James Carroll said...

David, I wonder how we are related.

Actually, Tom Green was convicted of four counts of bigamy, one count of criminal non-support, and one count of child rape (See Wikipedia article).

Teameaka said...

WOW Interesting comments, and topic.

Curt said...

Eventually, Gay Marriage will be a normal part of society and it will be looked on like all other civil rights issues that preceded it. It will argueably open up the door to make Polygamy legal. What will the LDS Church do then? D&C 132 is still considered scripture and doctrine. The question will inevitebly be asked, "now that polygamy is legal, will the Lord expect it's members to live it?" The Church will have another cliche' answer though to cover it's tracks. The Lord commanded the practice to be stopped and until he tells us otherwise Polygamy will not be practiced by any mainstream member of the church. LDS Inc. is so predictable!

James Carroll said...

It's not hard to predict a doctrinal certainty. The revelation beginning polygamy is scripture, and so is the revelation stopping it. It will require another to re-start it.

David Carroll said...

I would like to point out that polygamy as an eternal principle has NOT ended. My first wife passed away and I took a second. I have two wives. I am a church member in good standing practicing polygamy.

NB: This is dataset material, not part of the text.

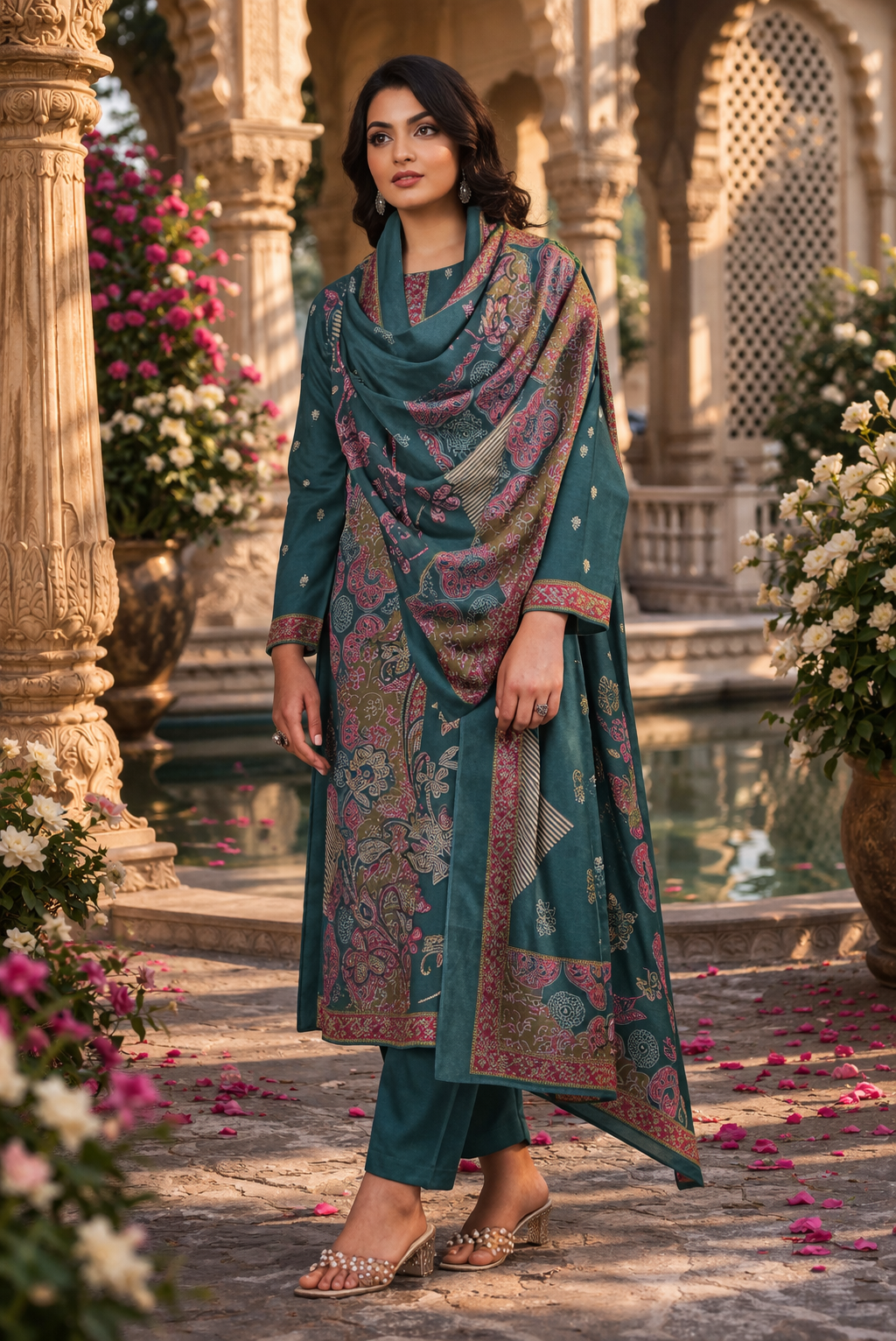 Teal Heritage Printed Cotton Suit Set Fabric with Cotton Muslin Dupatta (3-Piece)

But you are referring to a different PART of the eternal principle, that being multiple living wives. Even when multiple living wives is practiced, there are strict guidelines for its use. And even when the law allows it, the church has not always done so, such as in the days of Jacob, the brother of Nephi. The Nephites were told specifically at that time to have only one wife. The practice MUST be sanctioned by the current church leadership. If and When the Leadership allows it to come back, polygamy will still not be an option for EVERYONE in the church, only those who are worthy of it, as dictated by the church Leadership.


James Carroll said...

Yes, that is what I meant, thank you for clarifying.